Abstract
Bacteria of the Rhizobium genus form a group of microorganisms existing in the environment in two forms: symbiotic, in the root nodules of Fabaceae sp. plants and free-living, and saprophytic in the soil environment. The subject of this study was genetic identification and characterization of metabolic activity of different strains from Rhizobium genus bacteria. The study was conducted on the 16 bacteria strains from the collection of the Department of Agricultural Microbiology, Institute of Soil Science and Plant Cultivation in Puławy, Poland. Based on the sequencing of PCR products, we found that all strains belong to one species—Rhizobium leguminosarum. The study of metabolic activity was performed using the GEN III BIOLOG system method (Biolog Inc., Hayward, CA, USA). Metabolism analysis of all R. leguminosarum strains with the use of GEN III™ plates showed that carbohydrates (CH) were the most intensively utilised group of substrates. Between the Rhizobium leguminosarum strains, there are metabolic differences in terms of the studied features.
1. Introduction
Bacteria of the Rhizobium genus form a group of microorganisms existing in the environment in two forms: symbiotic, in the root nodules of Fabaceae sp. plants and free-living, and saprophytic in the soil environment [1]. Inside of the root, these bacteria differentiate into nitrogen-fixing bacteroids [2]. The basic function of Rhizobium sp. in a symbiosis is to reduce nitrogen to ammonia directly assimilated by the plant. Nitrogen reduction occurs with the participation of enzymatic nitrogenase complex [3]. The subject of study was genetic identification and characterization of metabolic activity of different strains from Rhizobium genus.
2. Material and Methods
2.1. Bacterial Strains
The study was conducted on the 16 bacteria strains from the collection of Department of Agricultural Microbiology, Institute of Soil Science and Plant Cultivation in Puławy, Poland. Bacteria strains were isolated from root nodules derived from plans of the genus Trifolium. The collection of bacterial strains was obtained from the roots of plants growing in many locations, mainly in Poland (Table 1).
Table 1.
Source of bacterial strains.
2.2. PCR and Sequencing
For PCR, a small amount of material was taken from a single bacterial colony and transferred to a sterile eppendorf with 20 µL of MiliQ water. The samples were thoroughly mixed, and 1 µL was taken from the mixture for the PCR reaction. The 16S rDNA region was amplified using primers: 27F (AGAGTTTGATCCTGGCTCAG) and 1492R (GGTTACCTTGTTACGACTT) [4]. The PCR products were sequenced in Genomed S.A (Warsaw, Poland) using the same primers as at the PCR step. The sequences from both primers were assembled in Unipro UGENE 1.25 software [5], and the Blast search was performed [6].
2.3. Biolog GEN III
The study of metabolic activity was performed using the GEN III BIOLOG system method (Biolog Inc., Hayward, CA, USA). The GEN III microplate contains 94 phenotypic tests: 71 carbon source utilization assays and 23 chemical sensitivity assays. Tetrazolium dyes from the wells of the microplate were used to indicate the use of carbon sources or resistance to inhibitory chemicals by microorganisms. The cell suspensions were inoculated into the 134 GEN III™ (100 μL per well) and incubated at 25 °C for 7 days. The intensity of colour development was recorded at λ = 590 nm at 24 h intervals for a period of 168 h. The results obtained at 168 h are presented because the most intensive substrate decomposition was observed after this incubation time.

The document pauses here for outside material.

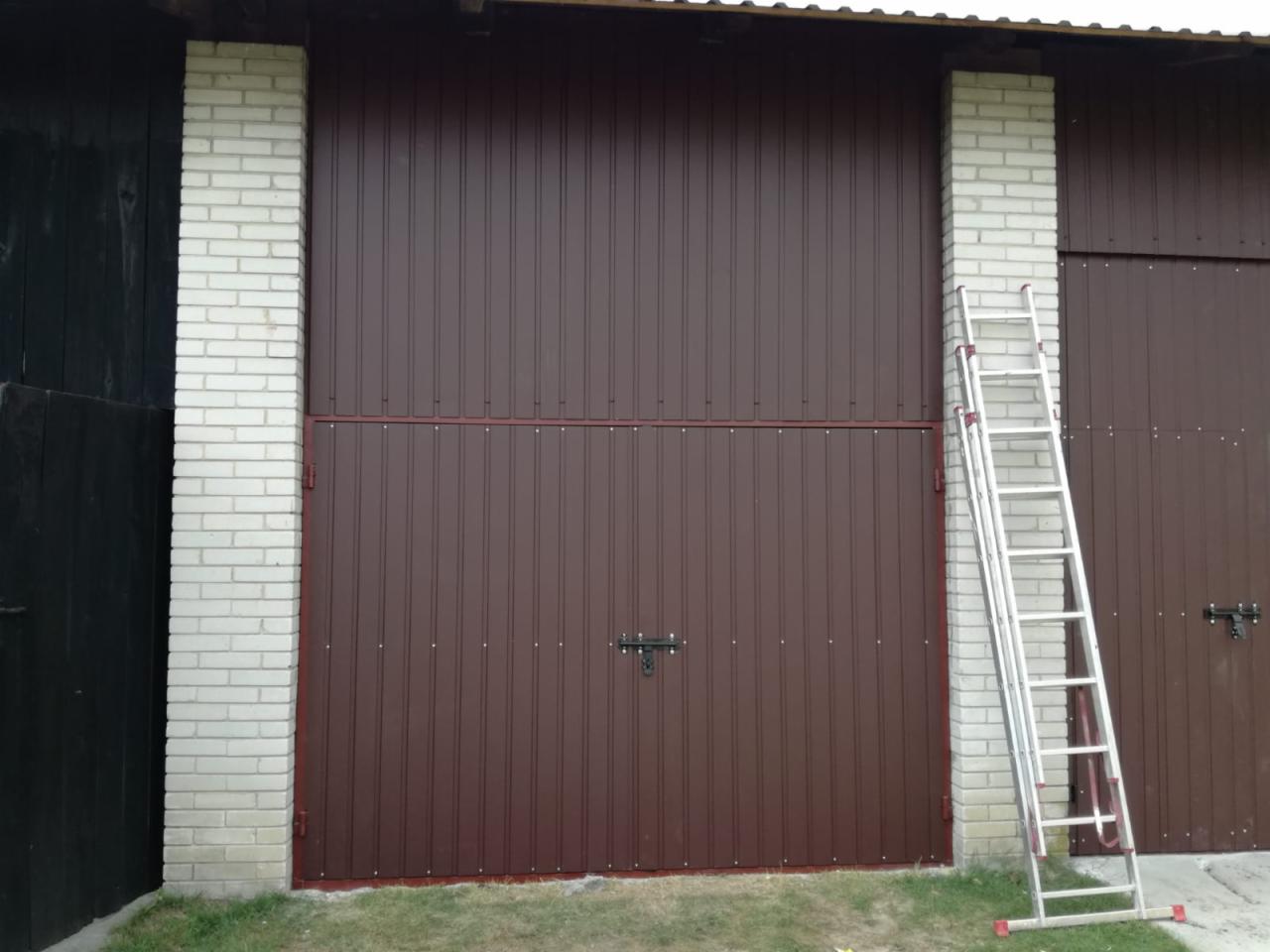 Brązowa brama garażowa z pionowymi przetłoczeniami, obramowana cegłą, z aluminiową drabiną opartą o ścianę, widoczna trawa u podstawy.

2.4. Data Analysis and Visualisation
Heatmaps were generated using GenIII Omnilog values (data after 168 h of incubation) with R software (version 3.5.1, Northern Ave, Boston, MA, USA) and pheatmap package. Similarity trees were constructed using Bray–Curtis cluster analysis with the UPGMA method [7].

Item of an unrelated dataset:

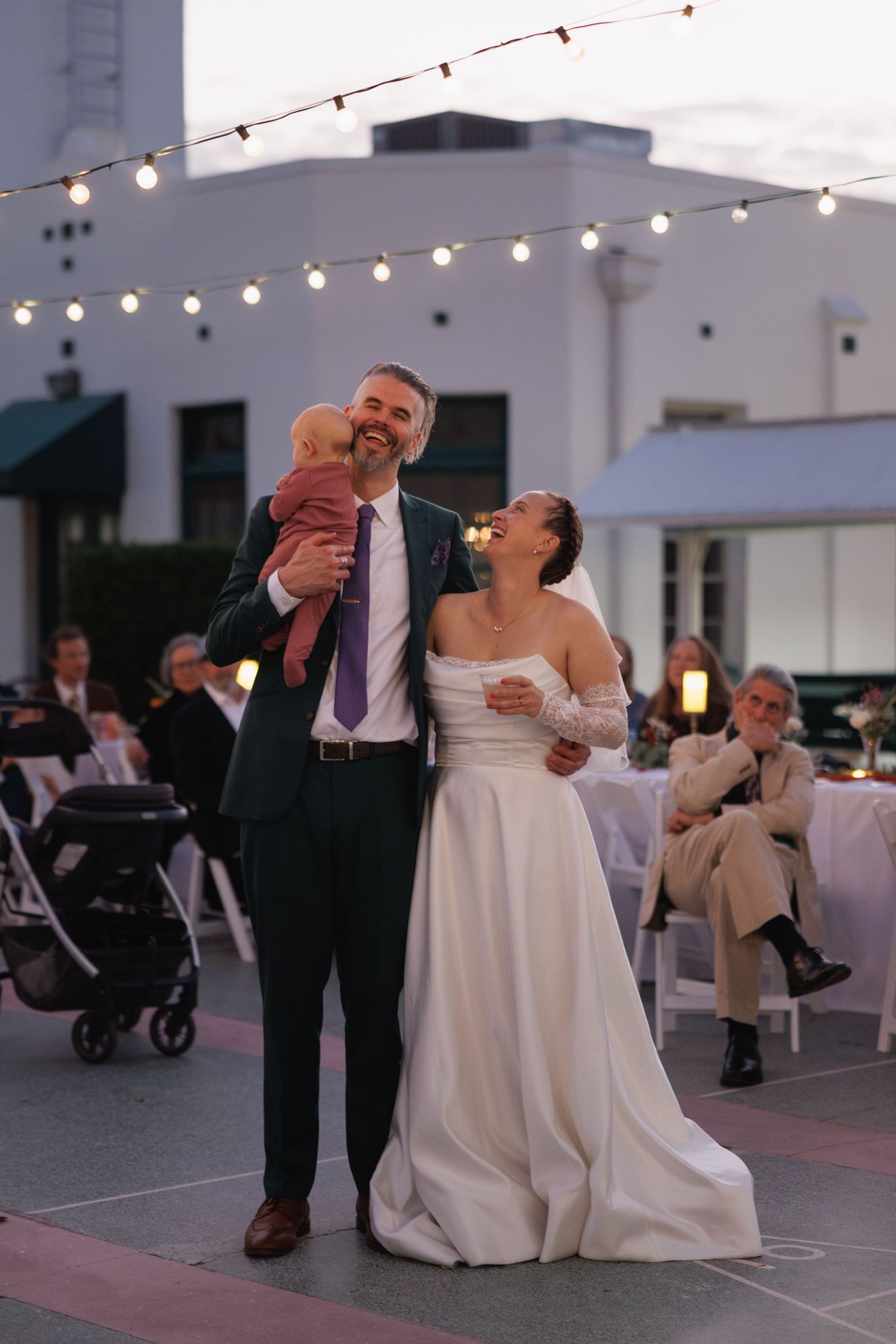 Smiling groom holding baby beside bride under string lights at outdoor wedding reception.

Statistical analyses were performed using the packet Statistica.PL ver. 10.0 (StatSoft. Inc., Tulsa, OK, USA). The dendrogram applied Ward’s method clustering and the squared Euclidean distance matrix calculation method [8].
3. Results
3.1. Bacterial Species
PCR products from all the isolates were compared with a size marker, and a product with an expected size of about 1500 bp was found (Figure 1). Based on the sequencing of PCR products, we found that all strains belong to one species—Rhizobium leguminosarum with a sequence identity of 97–100% (NCBI GenBank, Table 2) [6].
Figure 1.
Picture of polyacrylamide gel electrophoresis.
Table 2.
The identification of bacteria strains (NCBI GenBank).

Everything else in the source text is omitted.